* _Exercise directions_:
Copy word for word the lines of the records below, beginning at the one with "To get the RAM" and finishing at the one with "After that, proceed", ends included, but none of the pictures.

* _Data to use_:

★ ★ ★

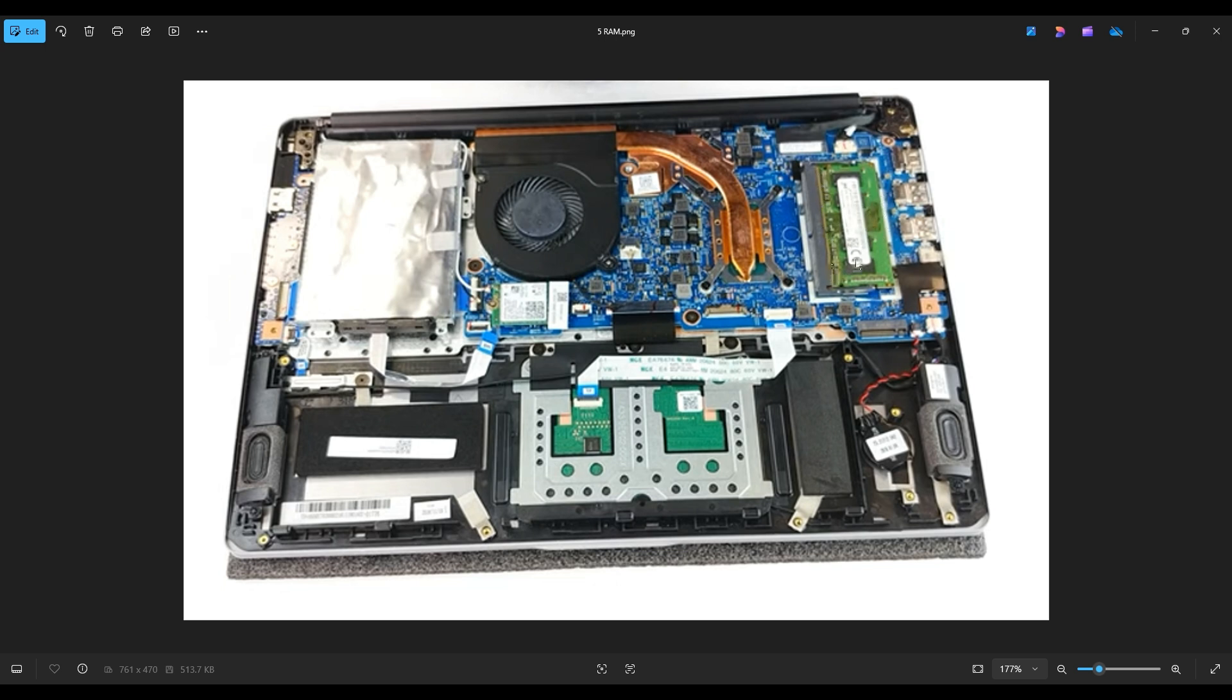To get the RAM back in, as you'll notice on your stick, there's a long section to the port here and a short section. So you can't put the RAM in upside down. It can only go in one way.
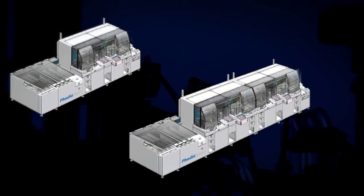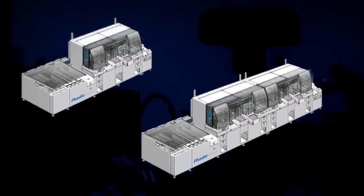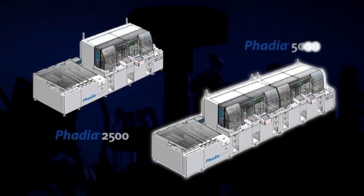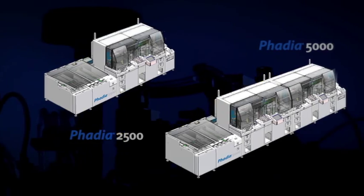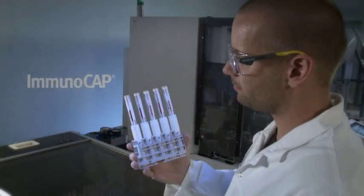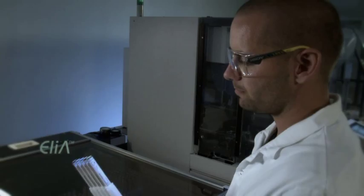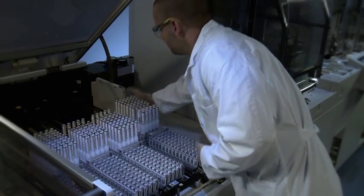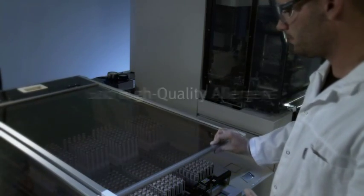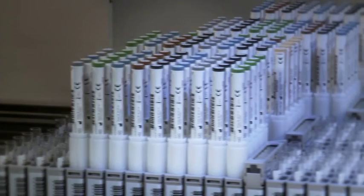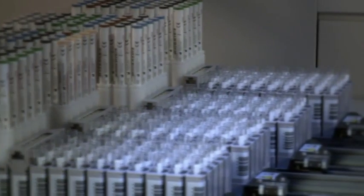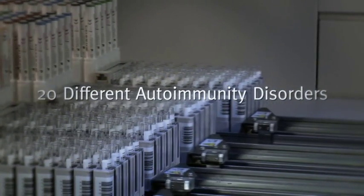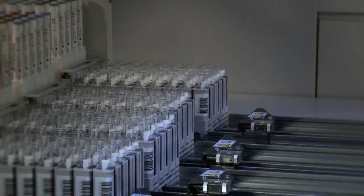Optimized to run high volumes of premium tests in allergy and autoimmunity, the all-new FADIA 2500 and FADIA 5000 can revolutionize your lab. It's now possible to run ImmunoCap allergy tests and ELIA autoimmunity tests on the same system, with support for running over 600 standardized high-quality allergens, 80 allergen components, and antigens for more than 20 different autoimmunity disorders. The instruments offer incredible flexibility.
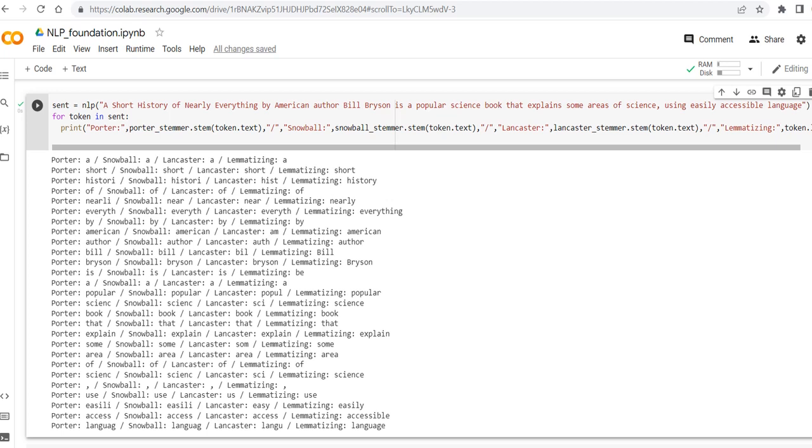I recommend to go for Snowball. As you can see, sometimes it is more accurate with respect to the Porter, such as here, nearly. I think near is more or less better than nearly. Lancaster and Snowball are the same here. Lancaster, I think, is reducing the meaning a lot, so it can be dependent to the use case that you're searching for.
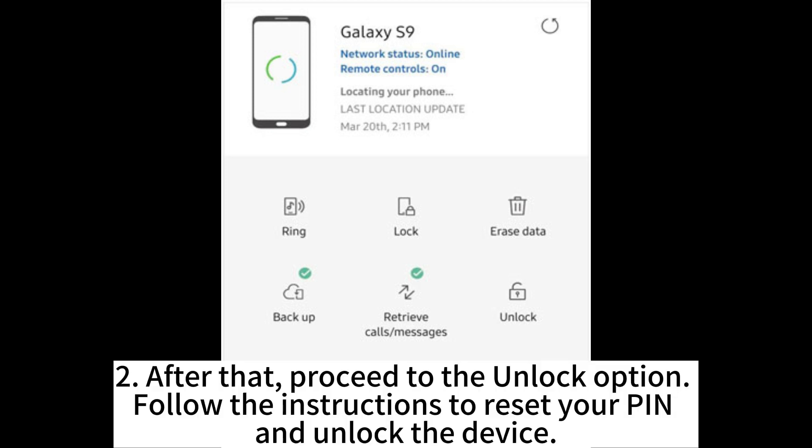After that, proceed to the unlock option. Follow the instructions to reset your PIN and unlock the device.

★ ★ ★

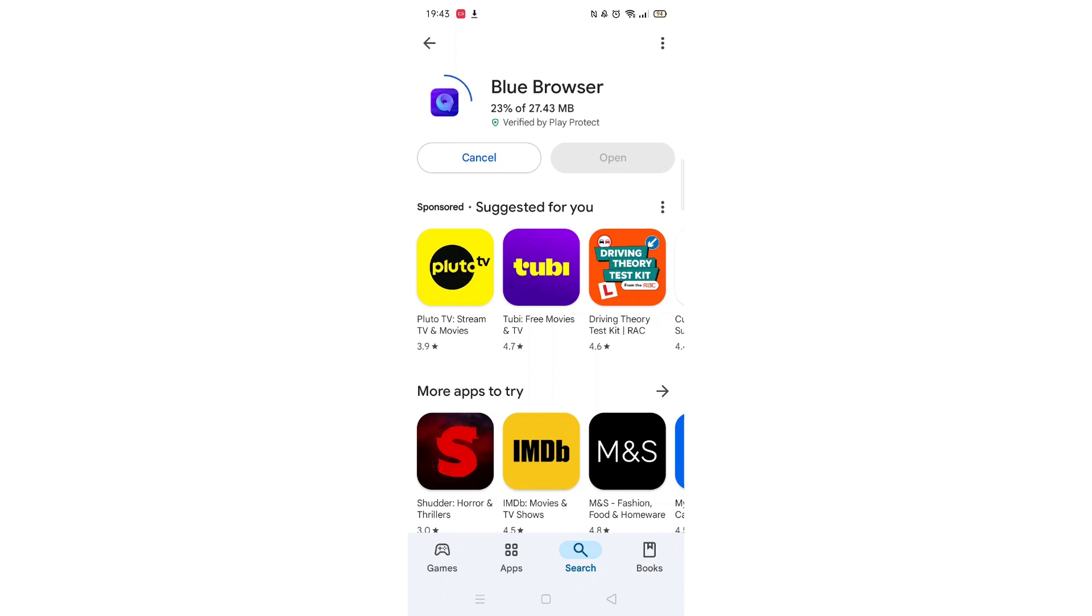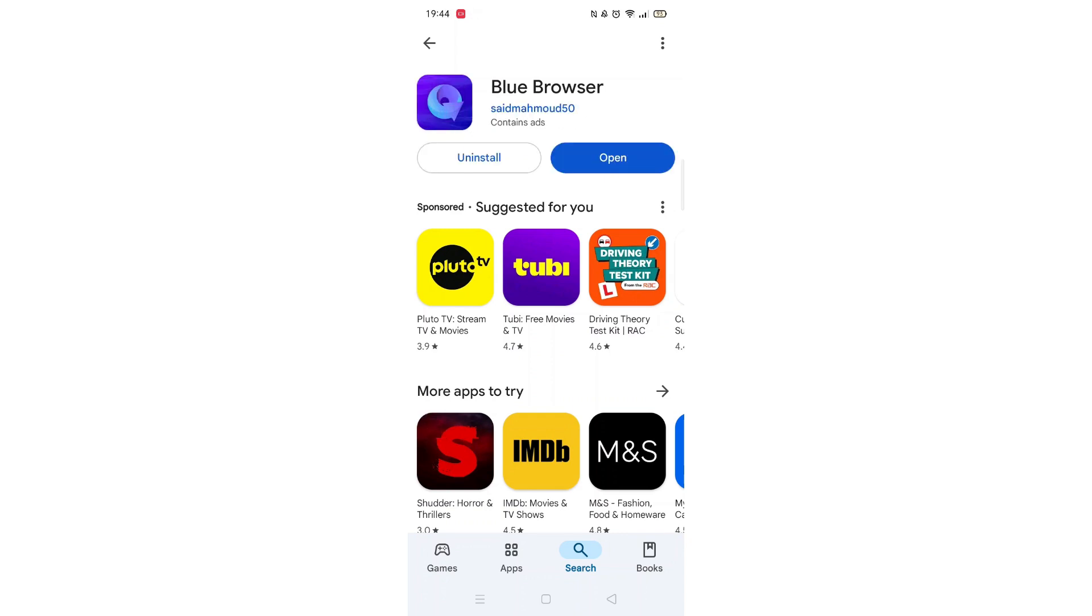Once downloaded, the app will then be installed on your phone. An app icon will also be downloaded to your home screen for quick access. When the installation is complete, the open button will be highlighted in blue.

★ ★ ★

* _Task solution_:
To get the RAM back in, as you'll notice on your stick, there's a long section to the port here and a short section. So you can't put the RAM in upside down. It can only go in one way.
Optimized to run high volumes of premium tests in allergy and autoimmunity, the all-new FADIA 2500 and FADIA 5000 can revolutionize your lab. It's now possible to run ImmunoCap allergy tests and ELIA autoimmunity tests on the same system, with support for running over 600 standardized high-quality allergens, 80 allergen components, and antigens for more than 20 different autoimmunity disorders. The instruments offer incredible flexibility.
I recommend to go for Snowball. As you can see, sometimes it is more accurate with respect to the Porter, such as here, nearly. I think near is more or less better than nearly. Lancaster and Snowball are the same here. Lancaster, I think, is reducing the meaning a lot, so it can be dependent to the use case that you're searching for.
After that, proceed to the unlock option. Follow the instructions to reset your PIN and unlock the device.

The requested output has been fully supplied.